SAN DIEGO, CA - Around 11,000 people attended the Festival of Lights organized by the San Diego Indian American Society (SDIAS) on Oct 17 at the Balboa Park here. The Indian tapestry is truly exquisite and it was well amalgamated in all its intricate layers into one festival. The festival comprised of myriad cultural events....
The two main events of the evening were: The doll festival—which took place for the first time on a large city-wide scale and the exhibition of 54 lamps, which are the replicas of original exquisite lamps from different eras and regions of India like Gujarat, Punjab, Kerala, Tamilnadu and Karnataka. Headliner of the lamp show was the ethereal 9 foot tall lamp from the Ayyappa Swamy temple from Kerala, indeed the tallest lamp in the collection. Lamps are symbolic of Surya (sun) and Agni (fire). They play a very important role in life in India. Nilu Bharadwaj who was coordinating the lamp exhibition told IJ “I am extremely happy that children get a glimpse of the lamp lighting ceremony, which is a quintessential part of Indian tradition.”
The doll festival, at the Mingei Museum at the Balboa Park, coordinated by Lata Sundar and, Deepa Prahlad— drew 2000 people , Indian-Americans and other ethnicities, who were mesmerized by the richness of Indian culture. One of the visitors Leigh said that “India is gifted with so many different traditions and cultures. It is truly an offering to their faith.”
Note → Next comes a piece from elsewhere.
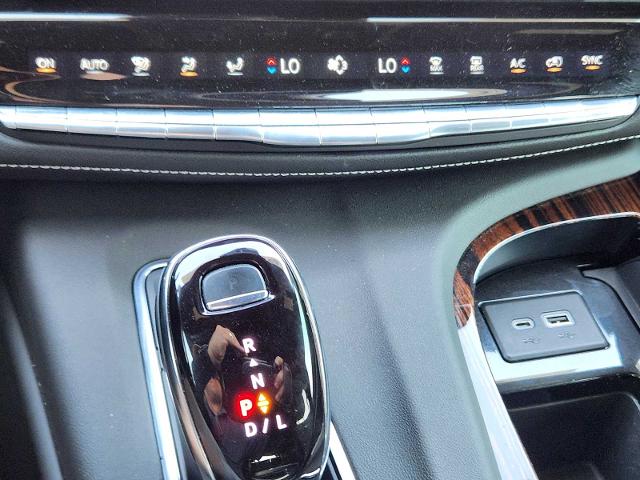 2022 Cadillac Escalade Vehicle Photo in DENTON, TX 76210-9321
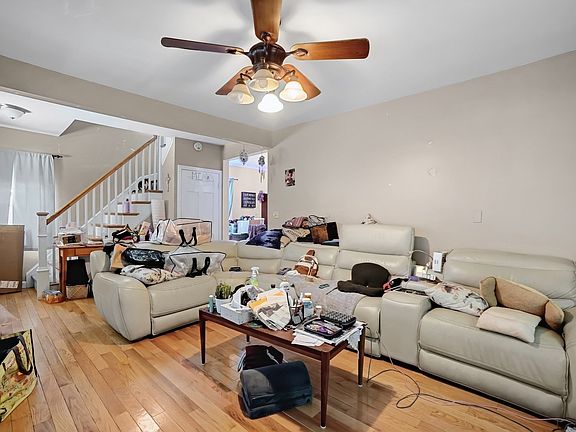 4th image of 24 Foley St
Coordinator Lala Sundar said, “The festival was specifically designed to be an all-inclusive celebration of peace and harmony, breaking barriers of culture and nationality, appreciating diversity while integrating people from all walks of life.”
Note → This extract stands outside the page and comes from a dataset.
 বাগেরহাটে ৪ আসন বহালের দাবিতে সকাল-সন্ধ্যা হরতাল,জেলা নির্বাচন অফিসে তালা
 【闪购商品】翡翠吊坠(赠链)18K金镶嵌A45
The doll festival also called Golu in Tamil, is all about raising our inner awareness. It is celebrated during the Navratri-nine nights. As a part of the doll festival beautiful handmade dolls reflecting divinity, incarnations, saints, world leaders, humans, animals, birds and insects were showcased displaying increasing levels of evolution, with those denoting supreme divinity or godhead placed at the top most level. One of the volunteers Akhila Gopal said “This event has brought the San Diego Indian-American community together, without discrimination of caste or creed.”
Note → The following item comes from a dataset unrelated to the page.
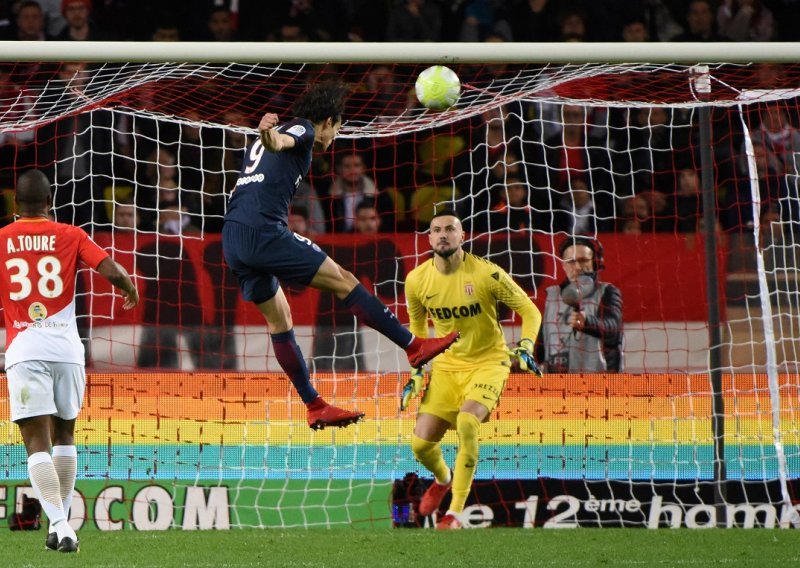 PSG 'zalutao' u francusku ligu: Edinson Cavani to najbolje koristi!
At the Festival of Lights, through the cultural events like dance, music, painting exhibition and Yoga sessions, creative energies surmounted the minds of the audiences and raised their spiritual levels. Musicians who performed were: Sudakshina Alagia, Rinku Verma who enchanted the audiences with melodious Hindustani music; Kiran and Nivi Saishankar enthralled the gathering with Carnatic ragas and Sumana Srinivas sang bhajans and lit the hall of the Mingei Museum with the power of divinity.
Apart from this there were also mesmerizing classical dance performances by Nilanjana Banerjee who presented the Odissi dance form; Meenal Kher Chakradeo—Kathak; Rohini Herur and Anvitha Soordelu—Bharatnatyam. The classical flute performance by Agastya Sridharan left the audience enchanted.
At the Organ Pavilion, dancers from various states like Andhra Pradesh, Kerala, Karnataka, Tamil Nadu, Telangana, Gujarat, Punjab, Orissa, West Bengal, Jammu and Kashmir, Rajasthan, Haryana bedazzled the audience with spectacular, culturally rich, dance performances. The performances that stood out were the Rajasthan dance form choreographed by Shalini Param, and Goan dance form by Jonathan Bosco.
All the stage programs at the Organ Pavilion were coordinated by Hamid Daudani. Foods from various cuisines across India were also available. The event was sponsored by Union Bank and State Bank of India. The vice presidents from both organizations Kamaljeet Kaur and Sanjay Sinha conveyed Diwali greetings on behalf of their organizations to all present.
The festival was a tough task to pull off, but the volunteers and the organizers made it possible with their grit and determination.